Hello! ^^
Allez, je suis gentille, je vous mets l'eau à la bouche comme le chantait si joliment Gainsbourg... Pourquoi? Attendez de lire, et je suis sûre que vous me trouverez beaucoup moins gentille à la fin du chapitre! (sadique, moi? Voui. Parfaitement! =D)
Et n'oubliez pas de m'en dire des nouvelles! ^^
Enjoy!
Hagaren
Chapitre 3 :
Arrivé devant elle, il prit appui de ses deux mains sur ses genoux afin de récupérer une respiration normale plus rapidement. Izumi le regardait faire puis le questionna, de sa manière si autoritaire :
- Pourquoi ce retard, Edward ?
Plutôt que de lui raconter l'épisode de la bretelle à remettre en place, tout en sachant qu'elle serait capable de lui arracher les yeux s'il le lui avouait, il se contenta de se redresser, et s'écria d'une voix un peu trop enthousiaste :
- C'est bon, on peut commencer l'entraînement quand vous voulez, Maître !

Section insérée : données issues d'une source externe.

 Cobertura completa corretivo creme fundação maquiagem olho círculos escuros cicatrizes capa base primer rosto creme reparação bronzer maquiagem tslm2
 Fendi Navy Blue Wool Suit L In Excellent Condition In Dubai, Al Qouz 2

Il jeta un coup d'œil à la dérobée à cette femme qui le connaissait si bien et à qui il ne pouvait pas mentir, en espérant qu'elle accepte de ne pas trop le questionner.
Même si elle les considérait, Al et lui, comme ses propres enfants, il ne savait que trop bien de quoi elle était capable si jamais il la contrariait. Et de parler des véritables raisons de son retard, en était certainement une: il n'était vraiment pas facile de la duper… Mais fait exceptionnel, elle l'y autorisait, visiblement.

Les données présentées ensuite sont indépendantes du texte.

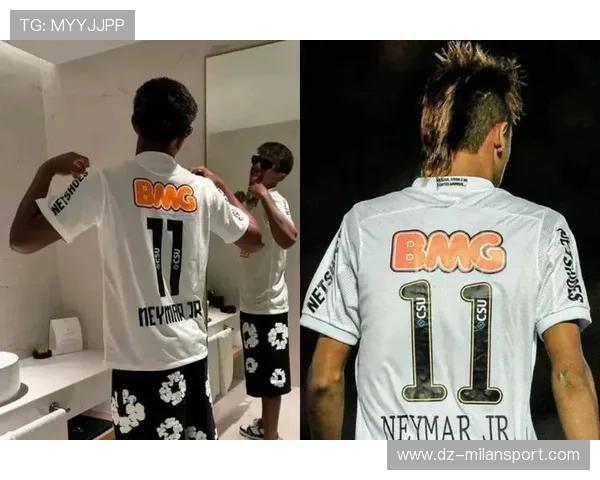 内马尔穿上本地球队球衣参加友谊赛，被当地球迷疯狂拥抱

Edward sourit intérieurement en se disant qu'il était dommage qu'il se trouve loin de son monde et de son calendrier, car ce jour aurait été à marquer d'une pierre blanche.
Izumi fit demi-tour, et le jeune homme lui emboîta le pas. Reprenant le chemin qu'ils avaient emprunté quelques instants auparavant, ils marchèrent en direction de la rivière.
Quand soudain, Edward vit trois silhouettes se dresser devant eux. Son cœur les reconnut bien avant son esprit, et il tendit instinctivement le bras afin de s'interposer le premier, et épargner le plus longtemps possible son maître des prochaines attaques des homonculus.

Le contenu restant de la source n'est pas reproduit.